C'est l'histoire d'un disque parfait. Folklore de Matthew Edwards and the Unfortunates redonne de l'espoir aux orphelins des Commotions et aux amoureux transis de Graham Greene.

Matthew Edwards reprend la palette de gris laissée en jachère par David Freel (Swell) pour chanter son retour dans sa Birmingham natale et suscite en nous la plus grande des admirations.
Enregistré avec John A. Rivers (Felt, Dead Can Dance) et par Robert Taylor, Folklore a hanté notre année 2017 et devrait s’immiscer dans les nuits de 2018.

Tu as écrit que Folklore était la chronique de ton retour à Birmingham… Pourquoi avais-tu quitté cette ville ?

Matthew Edwards : J’ai quitté Birmingham parce que son atmosphère m’étouffait. J’ai été élevé à la dure et cela commençait à devenir pesant. Je ne faisais plus de musique ni d’études, je n’étais pas en couple et je n’avais plus de patience. J’ai fait un grand saut dans l’inconnu… Je m’éloignais pour me réinventer pour ainsi dire.
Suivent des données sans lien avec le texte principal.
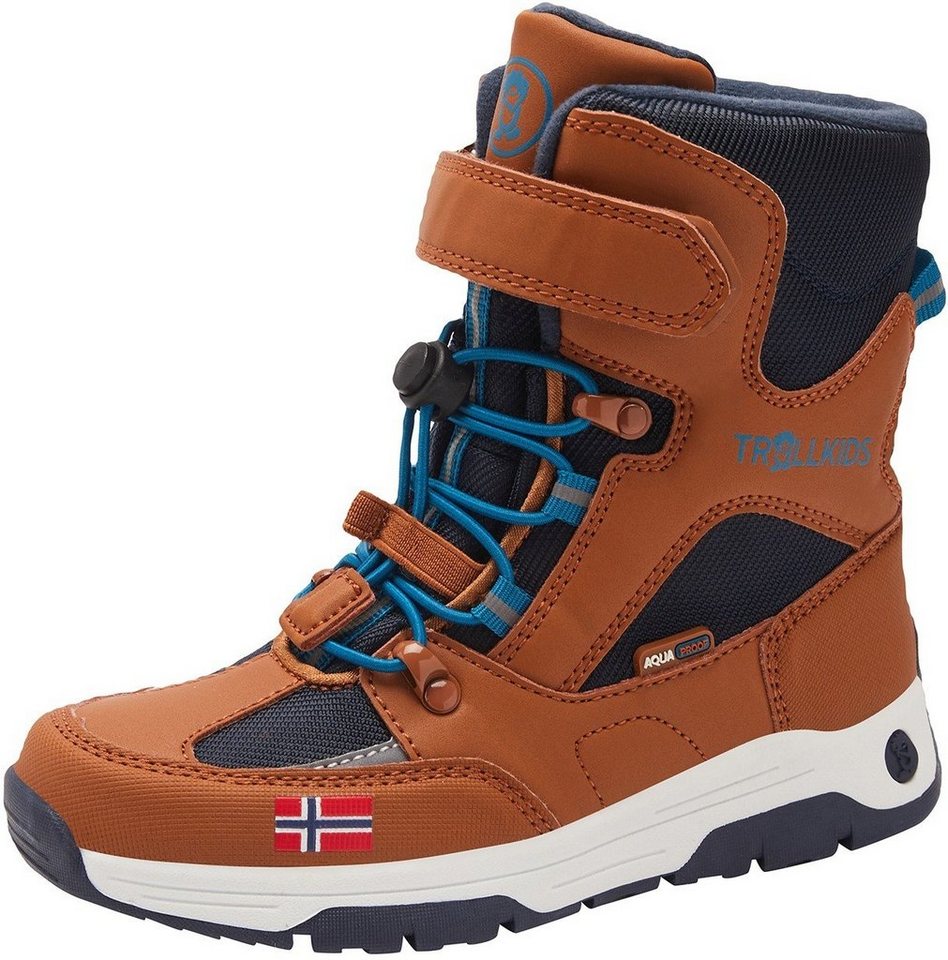 Trollkids Kids Lofoten Winter Boots XT Winterstiefel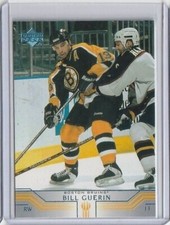 2001-02 Upper Deck #244 Bill Guerin Boston Bruins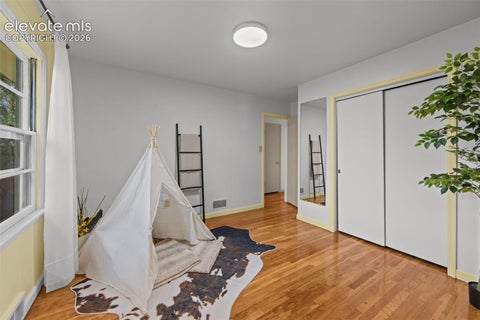 Tiny photo for 1746 Palmer Park Boulevard, Colorado Springs, CO 80909 (MLS # 7318242)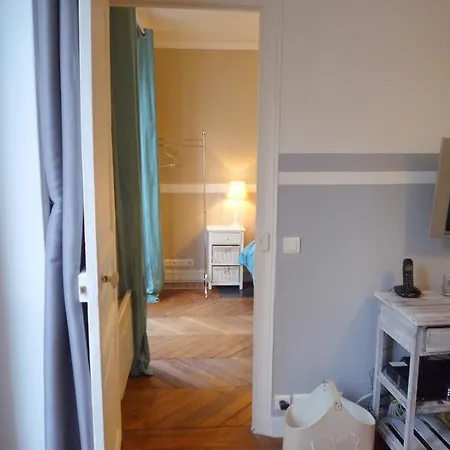 Ravignan Cosy Parigi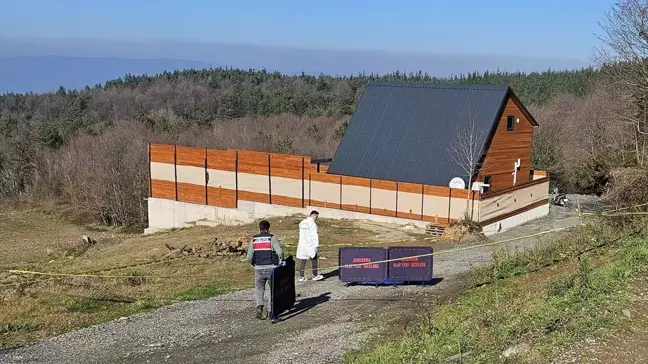 Sapanca'da Kardeşini Vuran Şüpheli Tutuklandı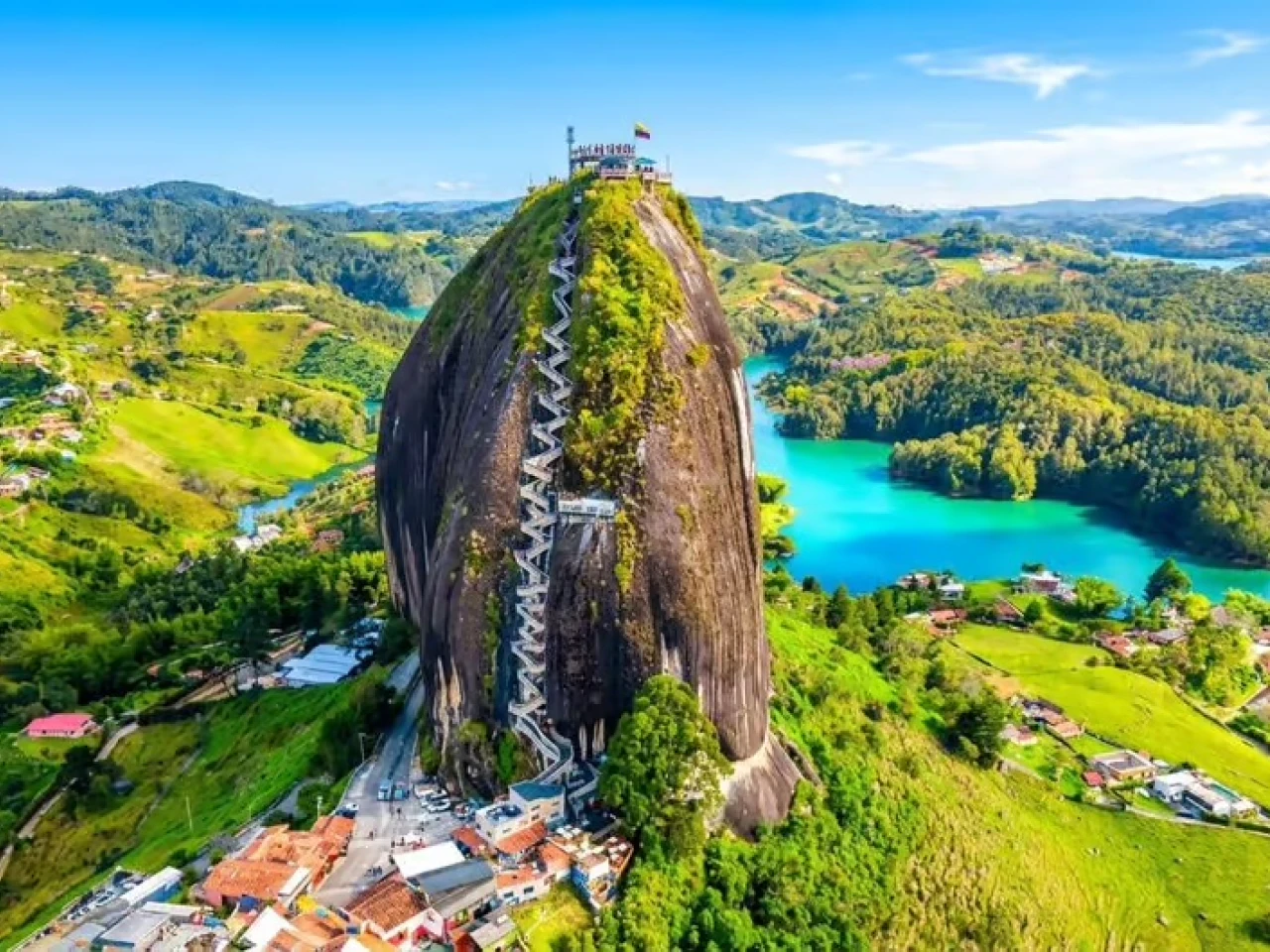 Turismo en Colombia: los pueblos ribereños se consolidan como nuevas escapadas de fin de semana 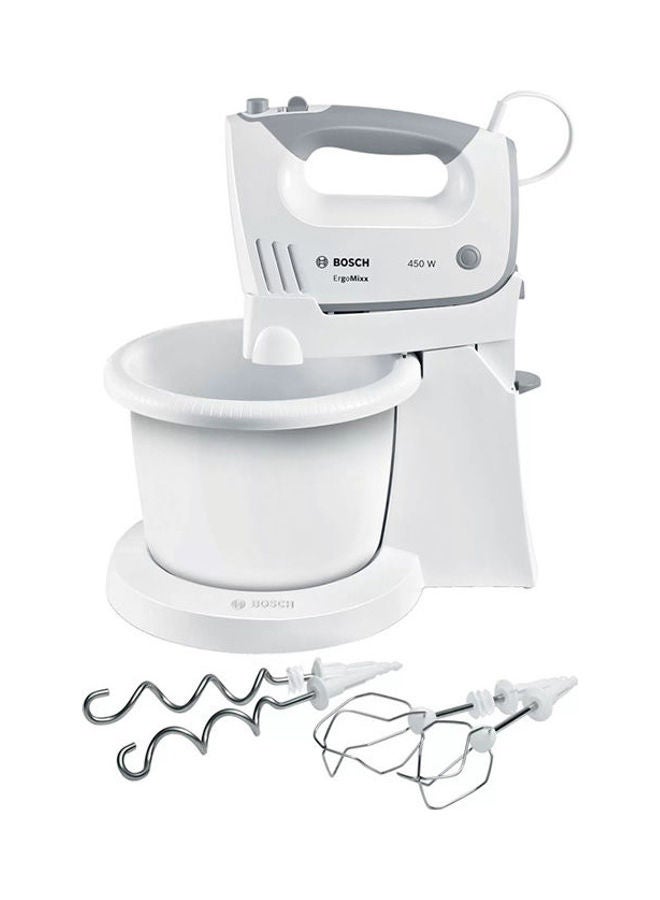بوش خلاط يدوي 450.0 W MFQ36460Mixer_4 أبيض 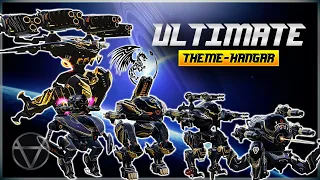 [WR] 🔥 Ultimate Theme Hangar – Mk3 Gameplay | War Robots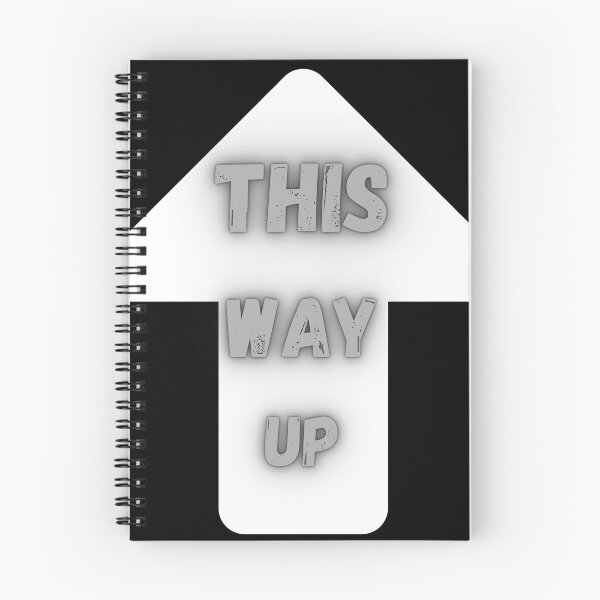 Item preview, This Way Up – Bold Arrow Graphic designed and sold by Snedsdigital.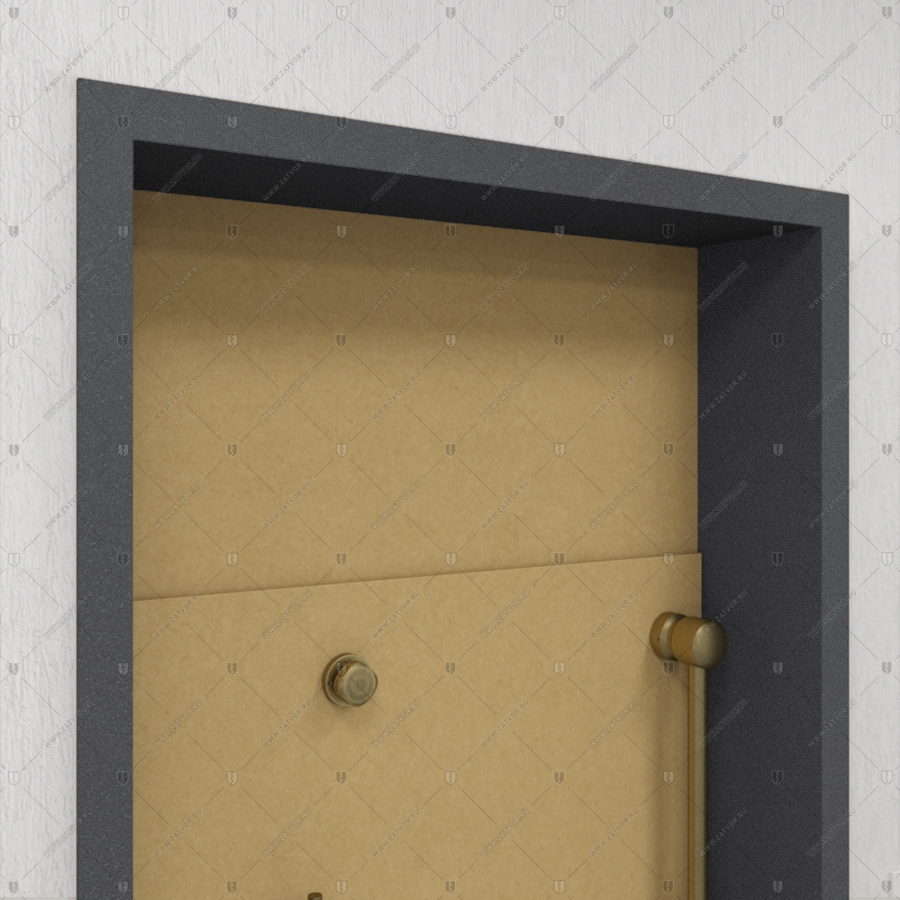 Взломостойкая сейфовая дверь БАСТИОН-8_11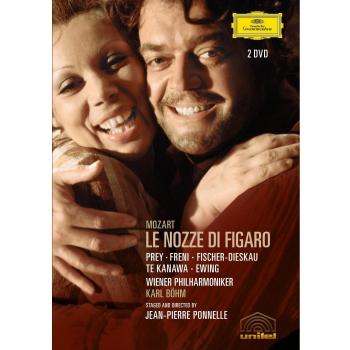 Mozart Le Nozze Di Figaro Bohm DVD 2005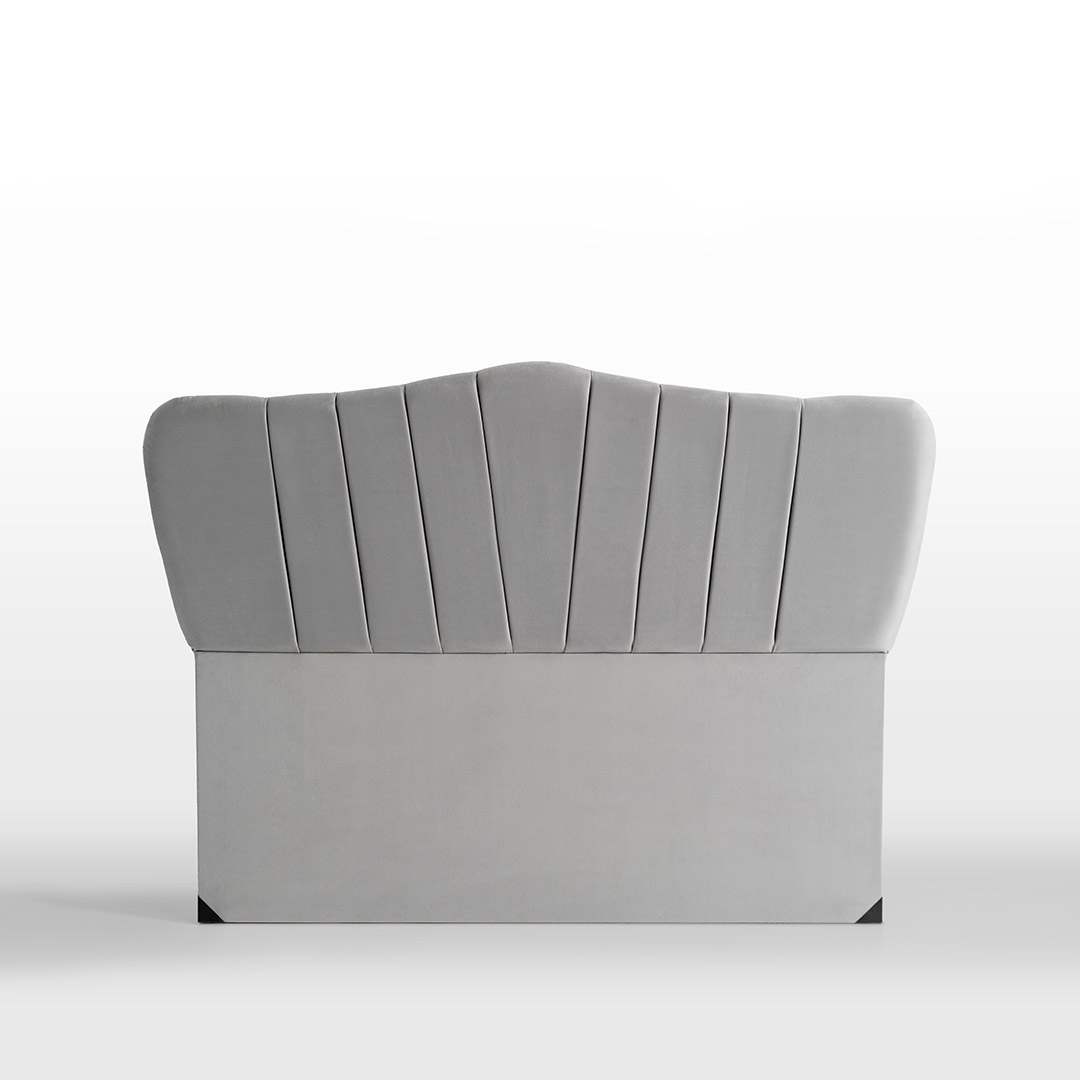 Perla Babyface Başlık Çift Kişilik - İstiridye Desenli Tasarım (Prestige Serisi)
Je suis allé en Asie du Sud-Est puis en Inde avant de finir à San Francisco où j’avais des amis. Cela devait être pour cinq semaines… J’y suis resté pendant vingt ans.

La Californie te manque-t-elle ?

Les États-Unis me manquent en général. Même encore aujourd’hui, j’aime toujours la beauté des idées de ce pays, cela malgré le climat diabolique qui y règne. Mais je ne peux pas non plus ignorer les actions laides et répugnantes perpétrées qui sont faites par les hommes blancs cupides et applaudies par ces mêmes-hommes.
Ce qui me manque est de ne pas pouvoir aller au désert californien, à Joshua Tree et dans le Mojave. Je m’y sentais comme chez moi, au calme dans un silence bercé par la lumière et les étoiles. C’est agréable de s’approcher de l’essentiel, surtout pour un garçon qui a toujours aimé vivre dans des grandes villes.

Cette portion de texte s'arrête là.